Cocaine is a highly abused drug that imposes an enormous health, social, and economic toll on society. One of the main problems in the treatment of substance abuse is the propensity of addicts to relapse even long after the discontinuation of drug use. It is therefore critical to achieve a better understanding of the neurobiological mechanisms as well as the neural adaptations that occur during the course of withdrawal, in order to develop better-tailored treatments. To accurately study cocaine withdrawal in the laboratory, it is essential to use an animal model of drug exposure that captures some of the key features of human cocaine addiction. Previous studies have shown that rats exposed to extended daily access cocaine self-administration (SA) procedures result in a pattern of drug-intake (ie, escalation of drug intake with session day) similar to that seen in human addicts (Bozarth and Wise, 1985; Ahmed and Koob, 1998) as well as a number of other symptoms characteristic of human addiction, including increased motivation for cocaine (Paterson and Markou, 2003) and deficits in fronto-cortical function and cognition (Briand et al, 2008). Moreover, extended daily access to drugs of abuse produces changes in neural plasticity in several brain regions implicated in addictive behavior (Ferrario et al, 2005) and therefore, represents an excellent rat model to study the neural adaptations that accompany the cessation of cocaine exposure.

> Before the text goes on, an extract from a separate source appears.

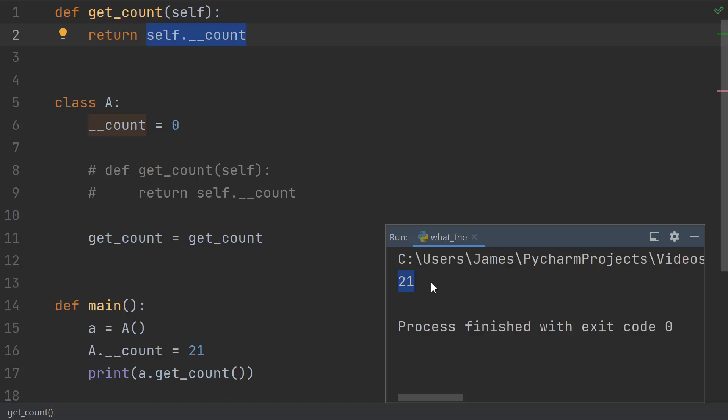So literally just moving where the function was defined can change the behavior. That means in any class, depending on this private name mangling, you can't use many of the dynamic features of Python. No dynamically created methods, metaclasses, or decorator magic.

A great deal is known about the impact of cocaine on the reward circuitry in the brain, which contains cell bodies in the ventral tegmental area that project to the nucleus accumbens and the prefrontal cortex (Gold et al, 1989). Recently, however, much interest has been generated in understanding the role of neural structures outside of the primary reward pathway, as these regions can critically modulate aspects of the cocaine experience beyond its immediate rewarding effects, such as contextual learning, memory, and the motivational value associated with drug stimuli. One region of interest, the hippocampus, is highly interconnected with the reward system (Everitt and Robbins, 2005: Dietz et al, 2009) and can influence the learning component of addiction. Indeed, previous work has associated different facets of hippocampal plasticity with psychostimulant effects on contextual conditioning (Shen et al, 2006) and behavioral sensitization (Lodge and Grace, 2008; García-Fuster et al, 2010). In a recent study, reduced hippocampal neurogenesis, a novel drug-induced hippocampal neuroadaptation, was shown to confer vulnerability in an animal model of cocaine addiction (Noonan et al, 2010).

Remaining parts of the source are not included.